Fees are often the first thing investors will look for. The impact of fees cannot be underestimated, especially over the long term. Paying fees that are too high is going to seriously eat into your profits over the years.

Lightyear are very up front about their fees, as are Trading 212 in that respect. I will say that much! Everything is very transparent with them. As we all know there are lots of ways fees can occur, so let’s step through it and see how Lightyear vs Trading 212 looks when comparing fees between the two platforms.

Deposits and withdrawals

Getting money onto the platform will cost nothing with Lightyear nor Trading 212 when you use bank transfers. Unlimited bank transfers are possible, but using any debit or card facilities incur fees after certain thresholds are hit.

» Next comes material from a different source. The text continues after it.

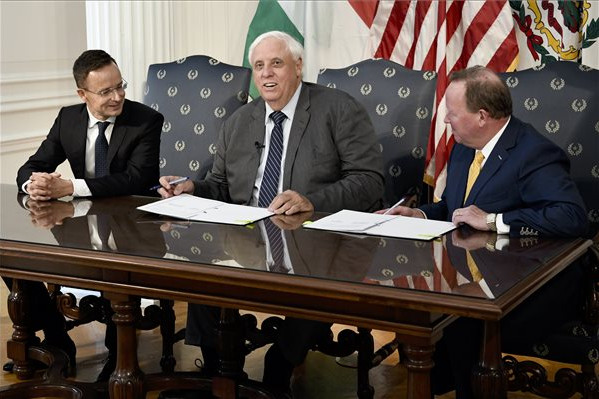 Fotó: MTI/KKM/Mitko Sztojcsev Szijjártó: Sikeres a magyar gazdaság dimenzióváltása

After the first £500 with Lightyear, you will be charged 0.5% for card-type deposits. With Trading 212 after the first £2000, you will be charged 0.7%. So it’s a higher threshold of convenience with Trading 212 but a higher fee once you go beyond that. For me, a little bit of planning with bank transfers is fine. This way you eliminate all manner of depositing fees.

Withdrawals are non-existent on both Trading 212 and Lightyear.

Foreign exchange fees

Foreign exchange (ForEx) fees are part and parcel of most platforms where you either want to buy foreign currency, or buy foreign shares directly. At Trading 212 you are going to pay 0.15% for transactions that aren’t in your local currency. So if, for example, you are buying some Amazon stock as a UK investor, it will cost you an extra 0.15% to do so and the same again when you sell.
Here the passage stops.